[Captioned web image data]
————
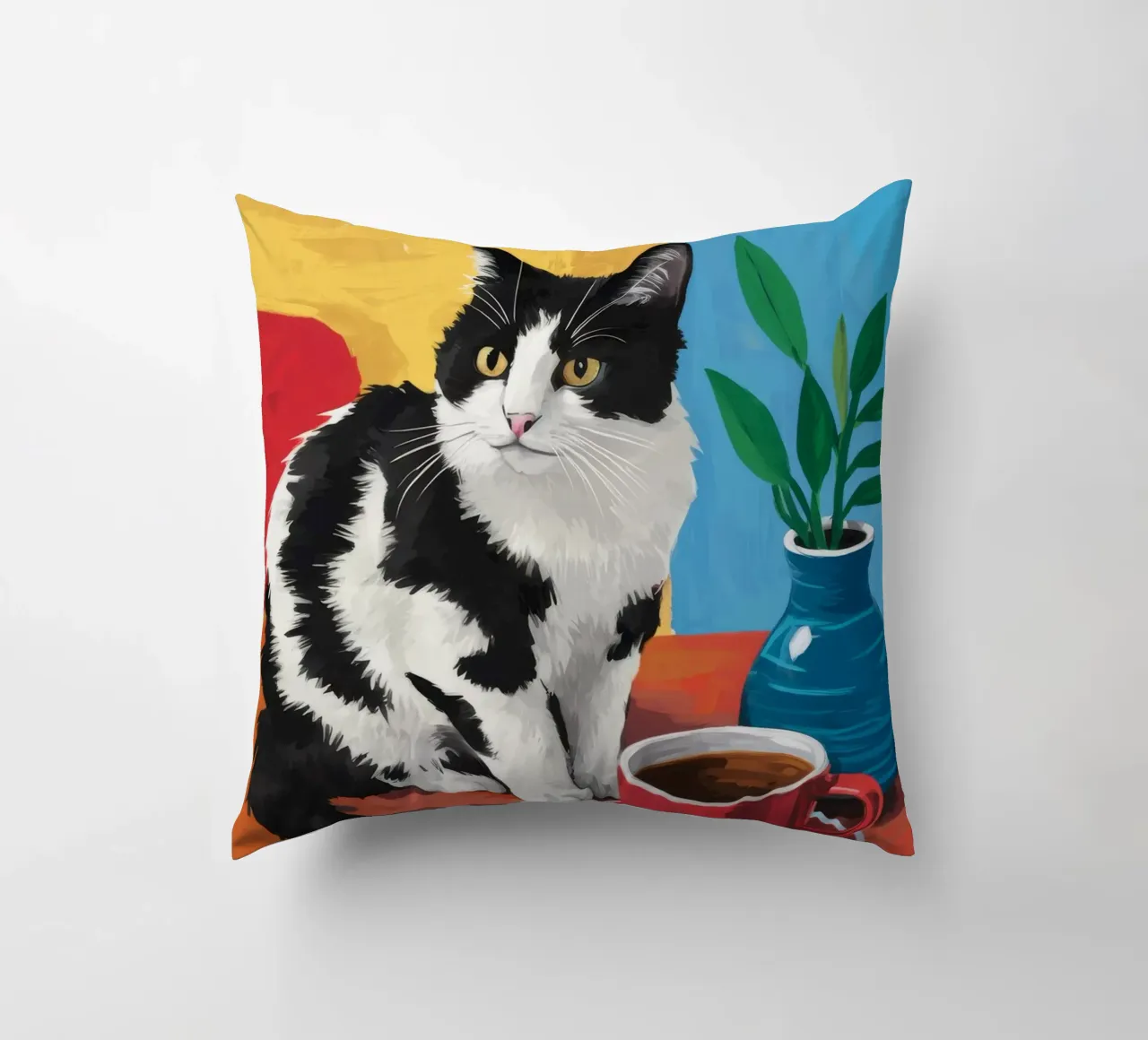 Gatto Tuxedo Caffè cuscino da Stone Decade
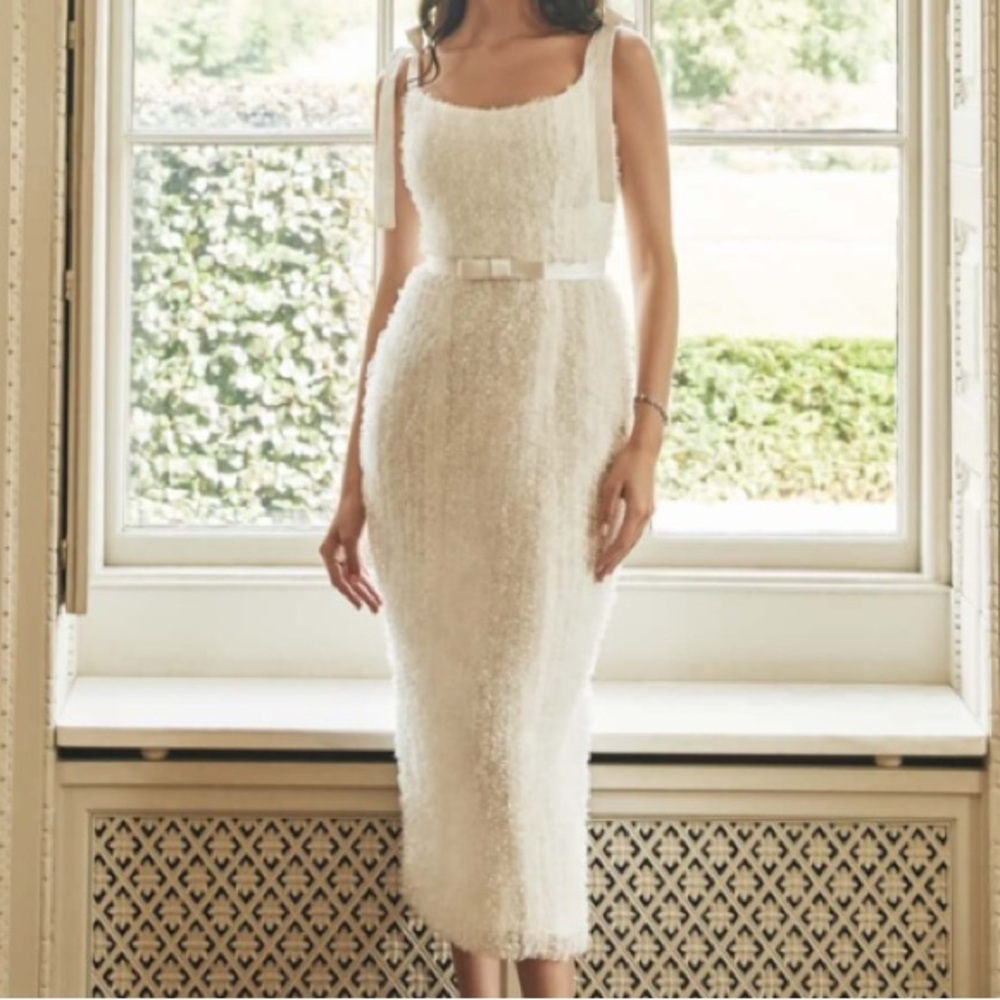 Markarian White Textured Midi Dress with Bow Waist
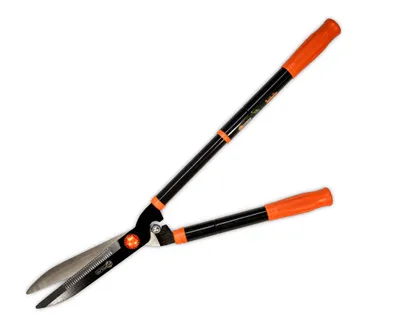 Zdjęcie produktu dla Nożyce do żywopłotu ręczne Polax 550 mm – ostrza 210 mm ze stali 55HRC, lekkie i precyzyjne, ergonomiczne uchwyty do cięcia krzewów i trawy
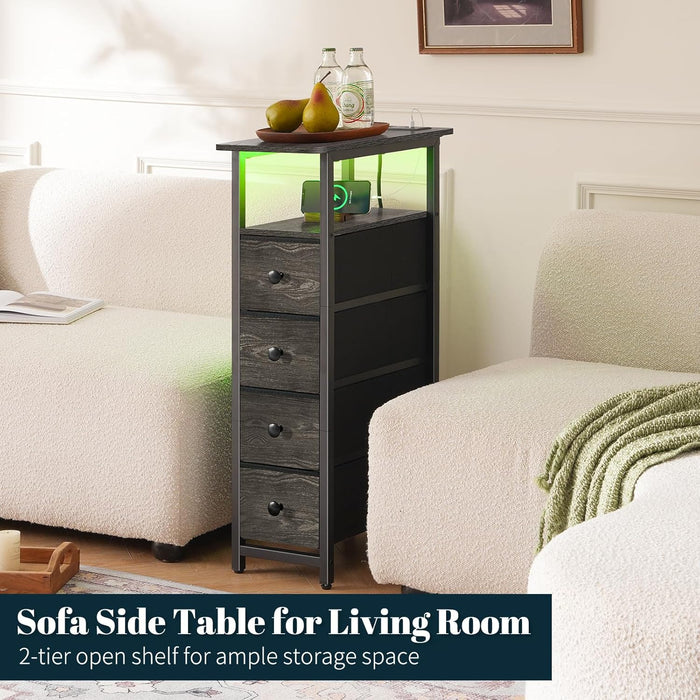 Narrow Dresser for Bedroom, LED Skinny Nightstand with Charging Station, Small Dresser Night Stand, Slim Tall Bedside Table Storage Cabinet, Narrow Side Table for Small Spaces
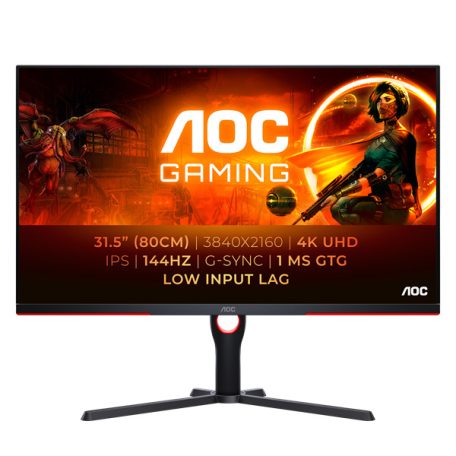 AOC Gaming 144Hz IPS monitor 31.5" U32G3X/BK, 3840x2160, 16:9, 400cd/m2, 1ms, 2xHDMI/2xDisplayPort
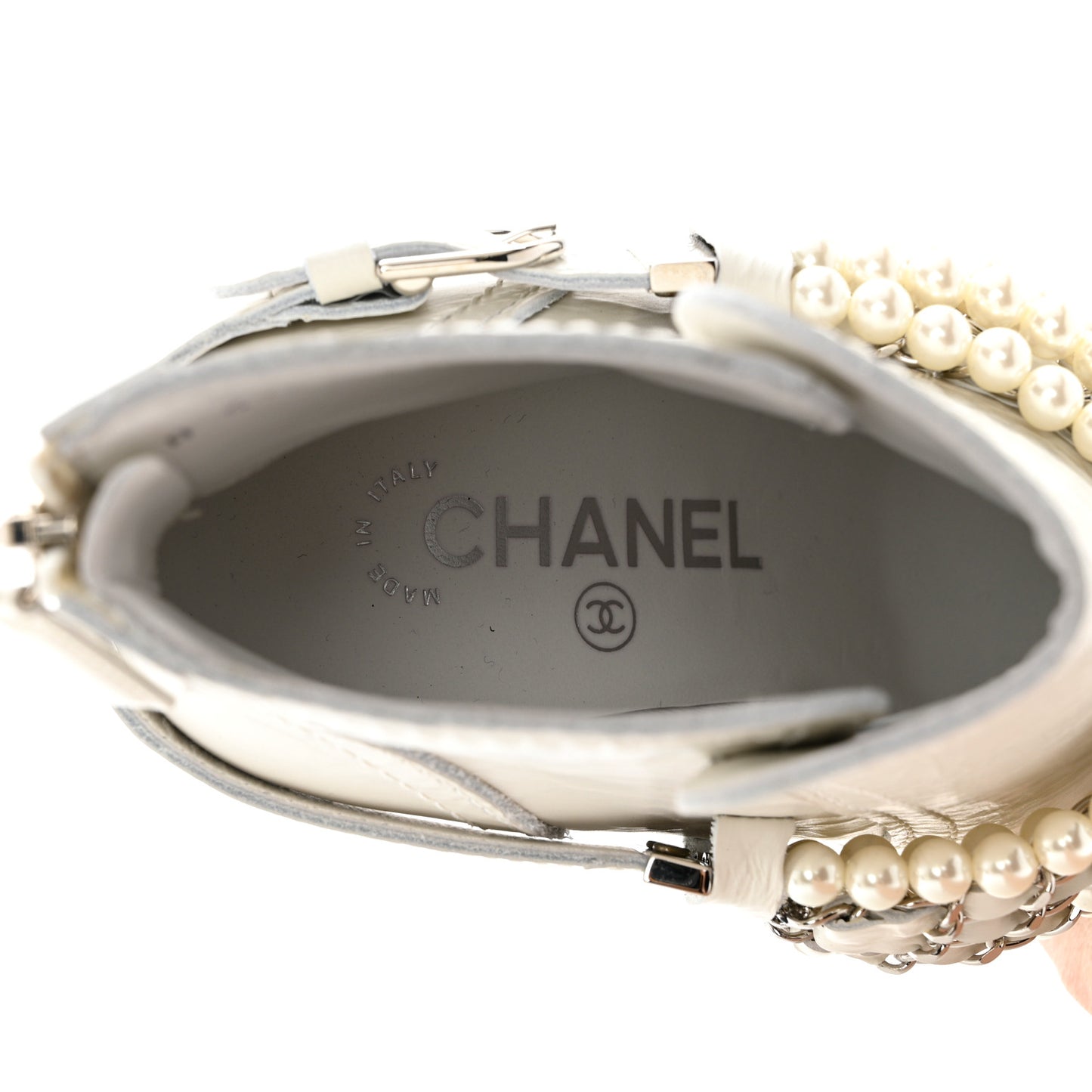 Crackled Calfskin Pearl Chain CC Short Boots 36 White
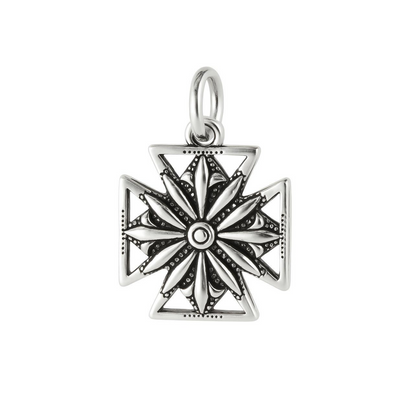 Sterling Silver Oxidised Maltese Cross Fleur De Lis Star Cross Charm Pendant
————
§ **What to do**: In the copy, include no pictures; otherwise transcribe the entries exactly.

§ **Solution for this problem**:
 Gatto Tuxedo Caffè cuscino da Stone Decade
 Markarian White Textured Midi Dress with Bow Waist
 Zdjęcie produktu dla Nożyce do żywopłotu ręczne Polax 550 mm – ostrza 210 mm ze stali 55HRC, lekkie i precyzyjne, ergonomiczne uchwyty do cięcia krzewów i trawy
 Narrow Dresser for Bedroom, LED Skinny Nightstand with Charging Station, Small Dresser Night Stand, Slim Tall Bedside Table Storage Cabinet, Narrow Side Table for Small Spaces
 AOC Gaming 144Hz IPS monitor 31.5" U32G3X/BK, 3840x2160, 16:9, 400cd/m2, 1ms, 2xHDMI/2xDisplayPort
 Crackled Calfskin Pearl Chain CC Short Boots 36 White
 Sterling Silver Oxidised Maltese Cross Fleur De Lis Star Cross Charm Pendant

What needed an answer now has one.